The intrinsics node is a variable structure depending on the sensor type and configuration you selected at the beginning of the intrinsic calibration step. The intrinsic node will contain all the model parameters needed to describe the chosen calibration model. In our example, we see the parameters cx, cy, fx, fy, and image_size parameters that describe the pinhole camera matrix and the KnnalaBrandt distortion parameters k1-k4. You can find more details on the model parameter options in our documentation.

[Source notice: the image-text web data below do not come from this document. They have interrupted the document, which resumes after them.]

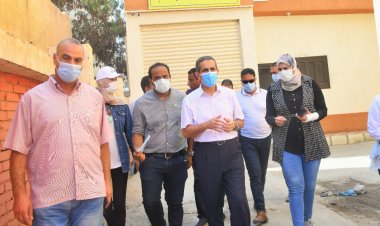 محافظ الغربية يتفقد مشروعات «حياة كريمة» في 8 قرى بزفتي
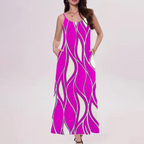 Serena Timeless Wave Print Dress Everyday Luxe Edit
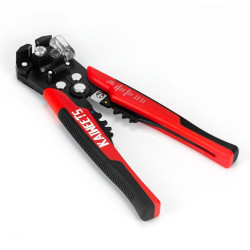 KAIWEETS KWS-103 Multifunctional Wire Stripper 10-24AWG Stripping 10-22AWG Crimping Adjustable Stopper TPR Handle - Red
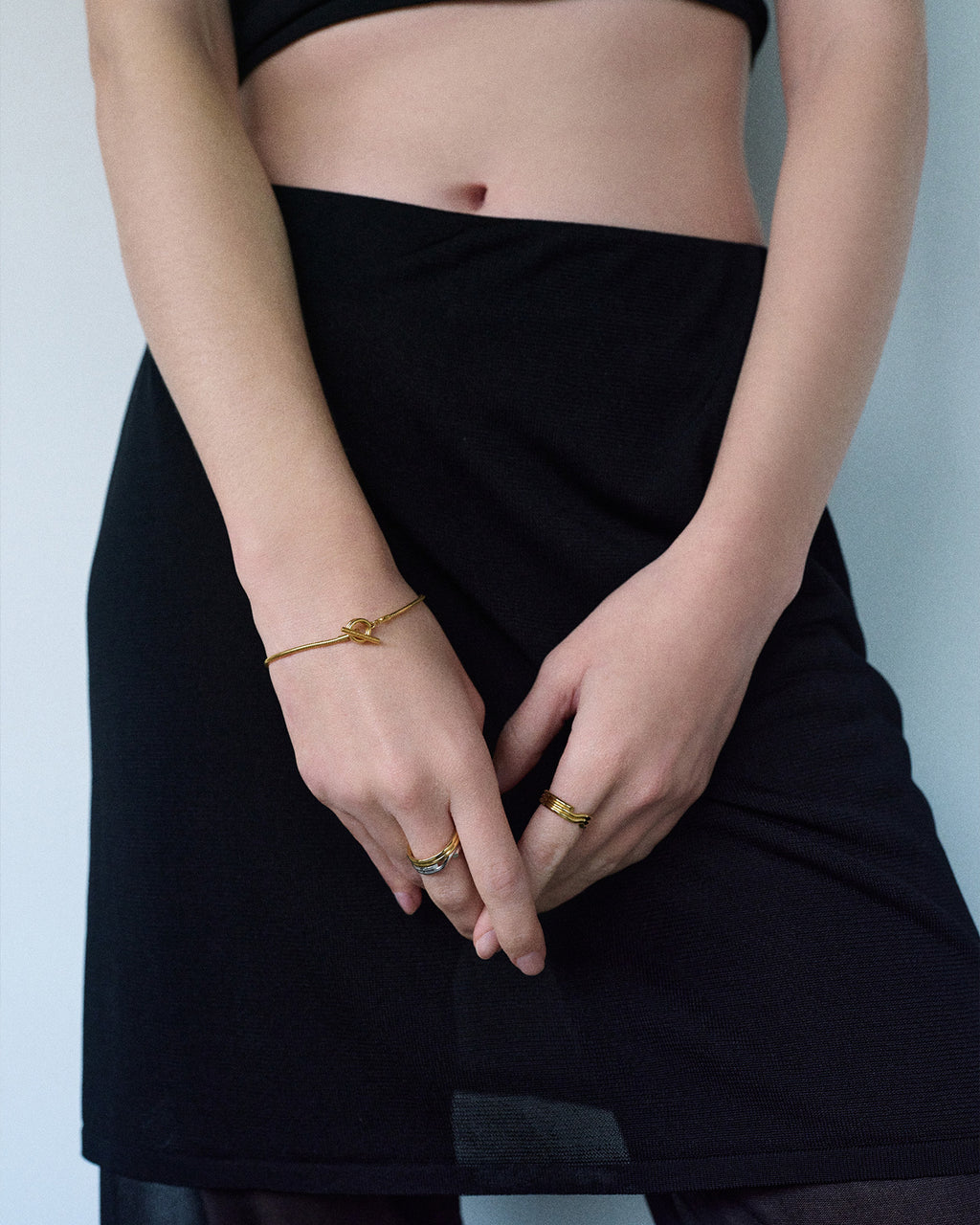 Numbering - Coil Toggle Snake Chain Bracelet #8901 product image 2 | TRAB K-Fashion Australia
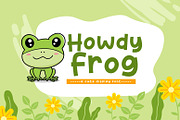 Howdy Frog, a Font by khurasan (Thumbnail 1 of 4)
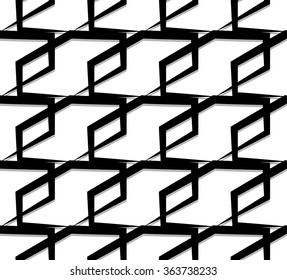 Seamless monochrome pattern, background. Editable vector art.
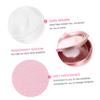 Baluue 5pcs Double Layer Eyelash Case Box Mirror Round Rose Gold Design for Organizing Faux Lashes Travel Storage for Women Includes Lash Holder and Paper Cards view 3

sensors: cam1: extrinsics: axis_angle: - 0.0 - 0.0 - 0.0 translation: - 0.0 - 0.0 - 0.0 intrinsics: parameters: cx: 631.2595405625116 cy: 491.5258233725439 fx: 2282.3920867826905 fy: 2282.5710507986964 image_size: - 1280 - 1024 k1: 0.19408319800216575 k2: -0.0032982721692749804 k3: -0.018097059724866766 k4: -0.2839958241290381 type: KannalaBrandt cam2: extrinsics: axis_angle: - -0.0017098846275279435 - 0.1681972700321447 - 0.04623455960511724 translation: - -0.19068022336063817 - -0.0017535410879024739 - 0.004499676517813966 intrinsics: parameters: cx: 615.0347480681874 cy: 472.525057978465 fx: 2301.3314301312444 fy: 2301.140570503219 image_size: - 1280 - 1024 k1: 0.18254782022559218 k2: 0.4203174919560141 k3: -5.89114449668284 k4: 25.664870652441312 type: KannalaBrandt
We showed you, in detail, how to calibrate a stereo camera pair and understand camcalibs' result outputs. You should now also have an intuition about the meaning of the reprojection error and how to use it in estimating the errors you may expect from your applications when you use the camcalib results.